This test is easier to make than the former test because it deals primarily with deeds rather than our thoughts and imaginations. Although it is easier to make, it may be more revealing and personally embarrassing, and for this reason we may seek to avoid it. Nevertheless, if we would know what our loves are, indeed what we ourselves are, we must examine ourselves fearlessly and objectively.

We should ask ourselves, Do we set aside time for reading and meditating on the Word of God? Do we make regular provision for attending church in order to worship the Lord, and attend church functions in order to promote our spiritual development? How does this compare with the time we set aside for worldly recreation and entertainment? How much money do we spend on luxuries, and how does it compare with the amount we devote to the maintenance of the Lord’s church and the promotion of its uses? How much of our energy do we expend in serving our family and our church, and how much in doing things that focus on self? I am not suggesting they have to be equal, or even nearly equal, but there should be a rational relationship that represents a solid commitment to the things of eternal life.

The answers to these questions will give us an indication of our spiritual state. As we apply the same principle to our many other loves we will see more clearly the nature of our ruling love. We will be able to see whether the things we love most derive their quality from the loves of self and the world or from love to the Lord and the neighbor.

The spiritual need for self-examination is enjoined on us many times in the Writings. Repentance is said to be the first of the church in man. But repentance must be preceded by self-examination, for we can repent only of evils which we have discovered in ourselves after examining our delights and our loves.

If we do this sincerely, we are bound to find evil, for we are born with tendencies toward evils of every kind. The recognition of evil in ourselves should not surprise us, nor cause us to despair, for while we live in this world we have the possibility of changing our loves. Indeed, we are placed in this world so that we may freely choose those loves which we wish to make our own, and that these loves may become permanent, fixed and enduring in the world of space and time.

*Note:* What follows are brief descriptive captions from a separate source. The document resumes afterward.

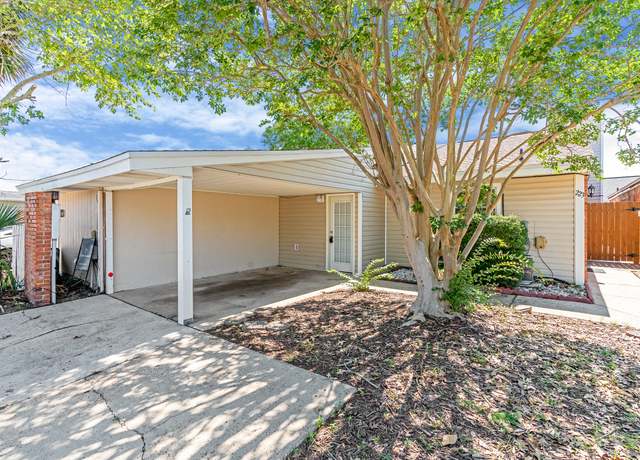 Property at 223 Indian Oaks Dr, Destin, FL 32541, 2 beds, 1.5 baths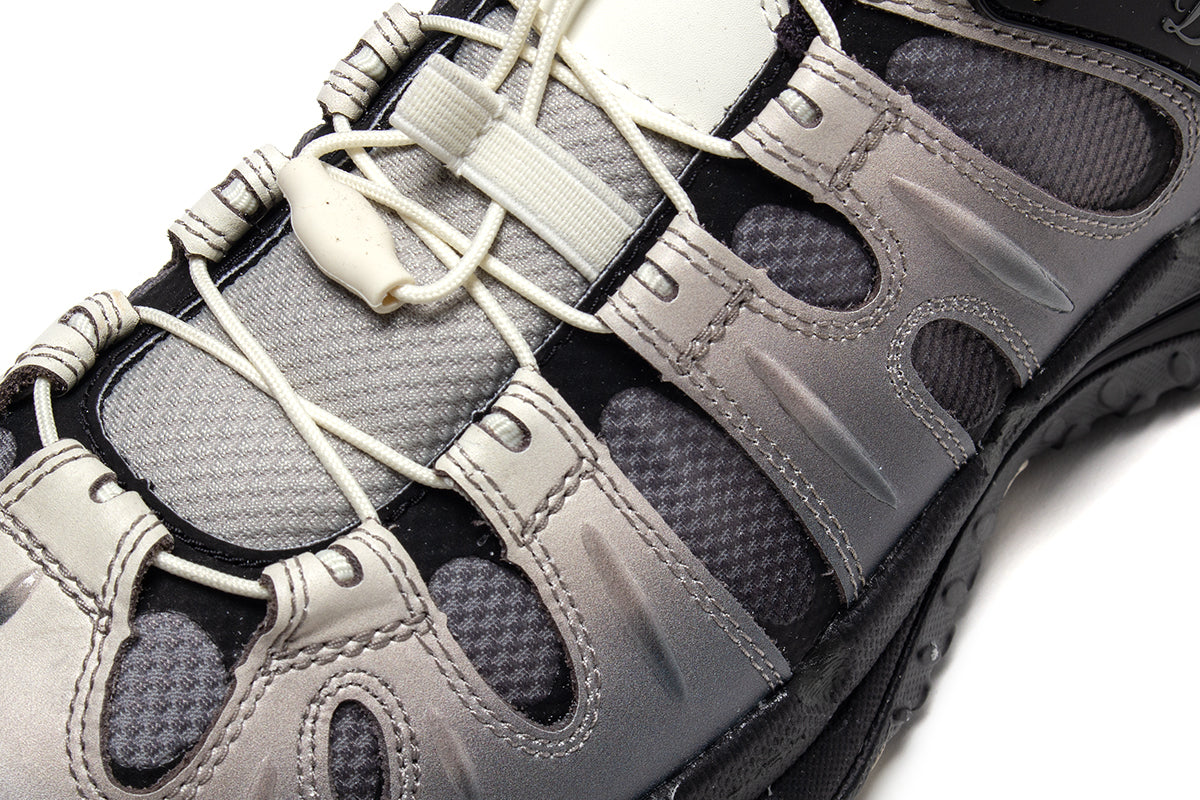 Merrell - Cham Redux SE x Dime
Style # J5007287
Color : Black Sesame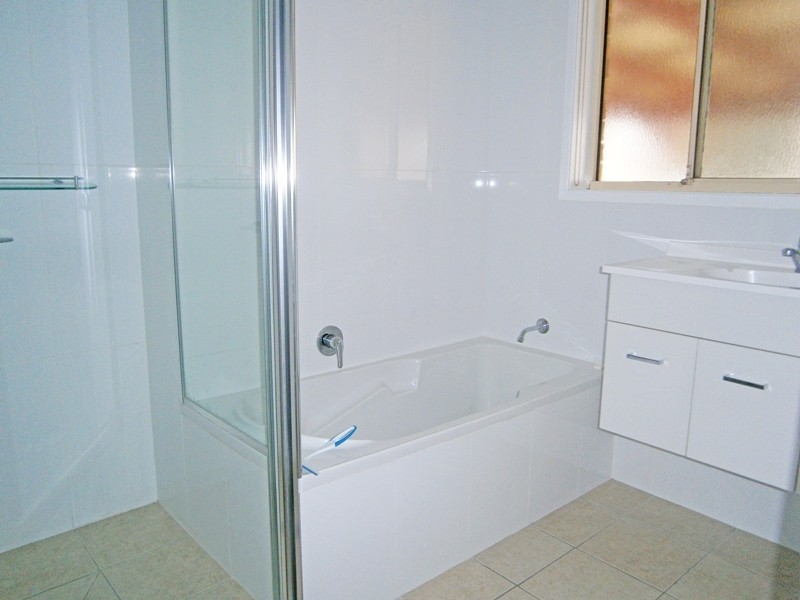25 Langi Cres, Wagga Wagga NSW 2650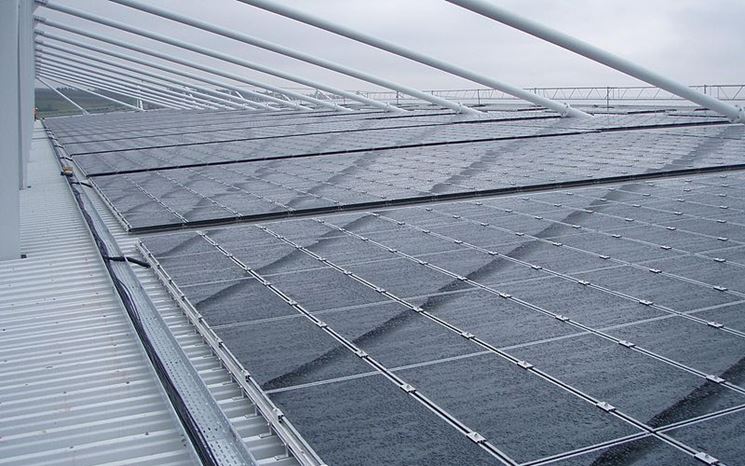 Tetto con fotovoltaico innovativo integrato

When we leave this world, our loves cannot be changed. We lose the ultimate plane, that is, it becomes quiescent and can no longer be active. This is what is meant by the statement, “As the tree falls, so shall it lie” (Ecc. 11:3). Therefore, we are told that after death each person becomes his own love, both as to his interiors and as to his face and body, and that he associates with those who are in similar loves.

Those who have chosen and confirmed good loves appear beautiful and fair, while those who love evil become dark, ugly and misshapen. Those who love what is good are intelligent and wise, while those who delight in evil are stupid and idiotic (see HH 281:2). This takes place for the reason that one’s life is one’s love, and in the spiritual world, where appearances are stripped away, a person’s loves appear in the externals of one’s life.

In conclusion, we would recall a story recorded in the gospels. When a woman who was a sinner was being accused in the Lord’s presence, the Lord said: “Her sins, which are many, are forgiven, for she loved much. But to whom little is forgiven, the same loves little” (Luke 7:47). Evils are forgiven when we repent of them, and we repent of evils only in the measure that we love what is good and true.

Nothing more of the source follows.